OBJECTIVE OF THE REVIEW

The objectives of this review article were to find the correlation of coagulation markers with risk of morbidity, mortality, and prognosis in breast carcinoma patients, after reviewing existing literature on the correlation between coagulation parameters (D-dimer, fibrinogen, thrombin time, and platelet count) and outcomes in breast cancer patients.

METHODOLOGY

In this review study, we did a comprehensive search of selected published articles (from 2015 to 2025) through major electronic databases, including PubMed, Scopus, and Google Scholar, which has been focused on assessing the role of coagulation markers with breast cancer prognosis and outcomes.

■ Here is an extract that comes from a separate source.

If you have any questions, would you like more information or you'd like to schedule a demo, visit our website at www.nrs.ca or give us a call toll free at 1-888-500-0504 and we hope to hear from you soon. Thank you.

The search strategy included a combination of keywords and controlled vocabulary terms (MeSH terms) related to locally advanced breast cancer, metastatic breast cancer, procoagulant macroparticles, D-dimer, serum fibrinogen, platelets, thrombin time, and synonyms. The search strategy was adapted for each database to ensure maximum coverage. In addition, reference lists of included studies and relevant review articles were also searched to identify additional published literature. The exclusion criteria for search were breast cancer patients with thrombosis, on anticoagulant treatment, patients with hematological malignancies or other solid cancers besides breast cancer, with any comorbid diseases (liver disease, kidney disease, hypertension, and diabetes mellitus), pregnancy, lactation, and immunosuppression status. For reference, the normal value of D-dimer is <500 ng/mL, fibrinogen level - 2–4 g/L, platelet count - 1.5–4.0 lakh/cmL, prothrombin time (PT) - 13.5 s (control), and INR - 1.13.

RESULTS

Original research articles were selected, extensively reviewed, and presented in a tabulated form to give a concise result [Table 1].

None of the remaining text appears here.